Captioned web image data:
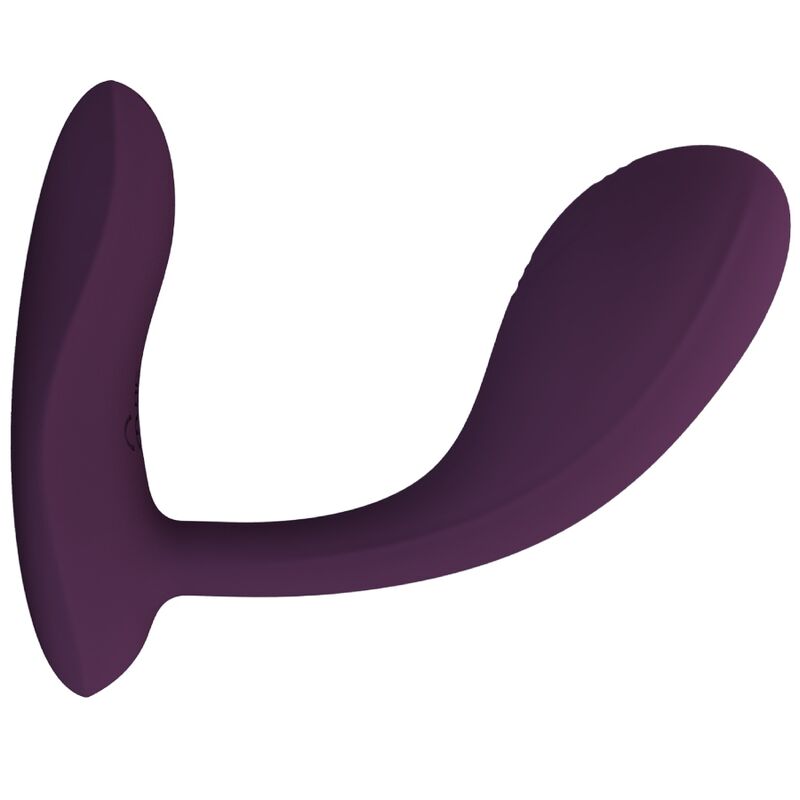 PRETTY LOVE - BAIRD G-SPOT 12 VIBRATIONS RECHARGEABLE APPLICATION VIOLET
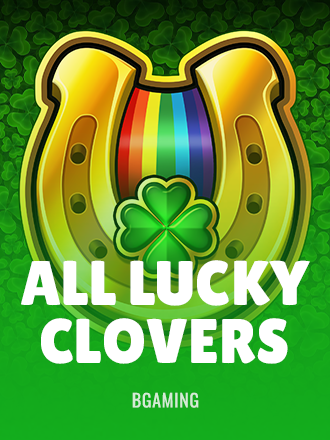 All Lucky Clovers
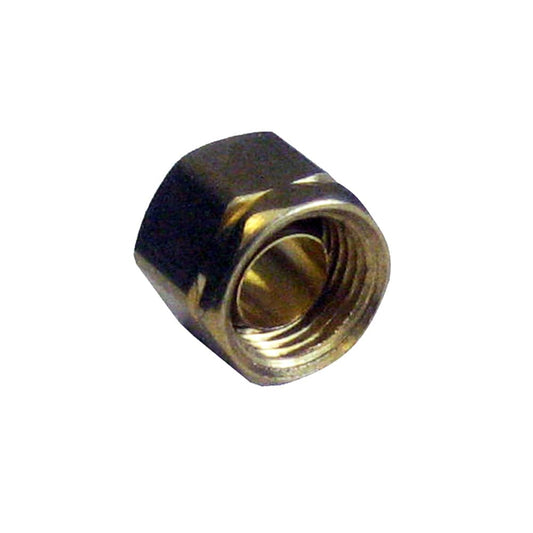 Bennett Nut w/Ferrule [T1127] - Twin Screws Marine Service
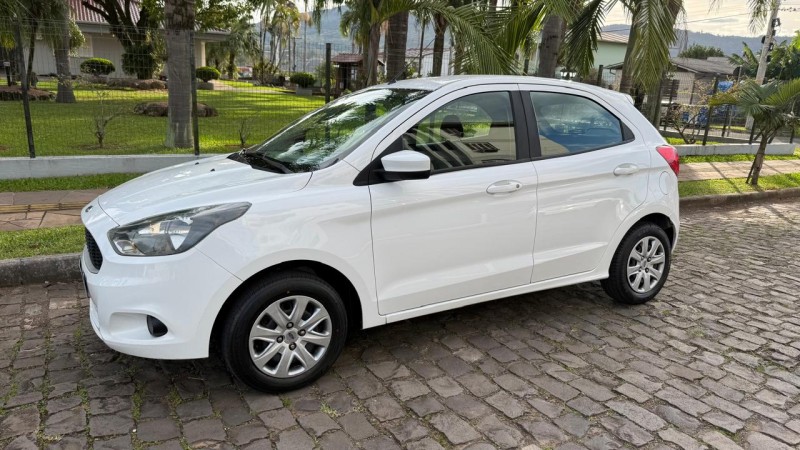 KA 1.0 S TI-VCT FLEX 4P MANUAL - 2017 - FELIZ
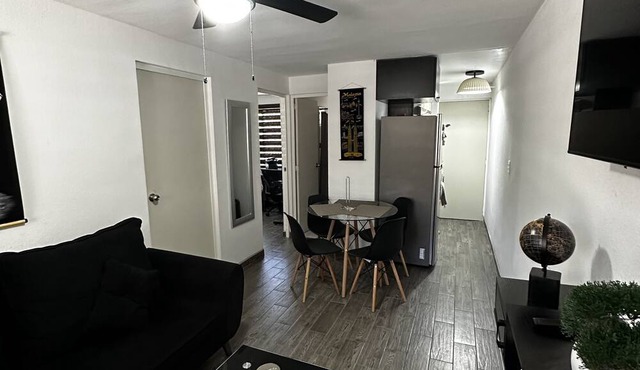 Departamento en Torres Reyes ll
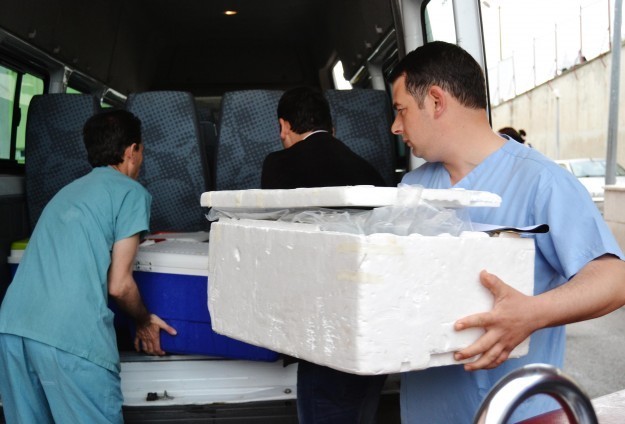 Türkiye canlıdan akciğer nakline hazırlanıyor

# REQUIREMENT:
Word for word, retype the lines from the one that contains "Departamento en Torres Reyes ll" through the final line of the data, both ends included, excluding pictures.

# RESULT FOR THIS TASK:
 Departamento en Torres Reyes ll
 Türkiye canlıdan akciğer nakline hazırlanıyor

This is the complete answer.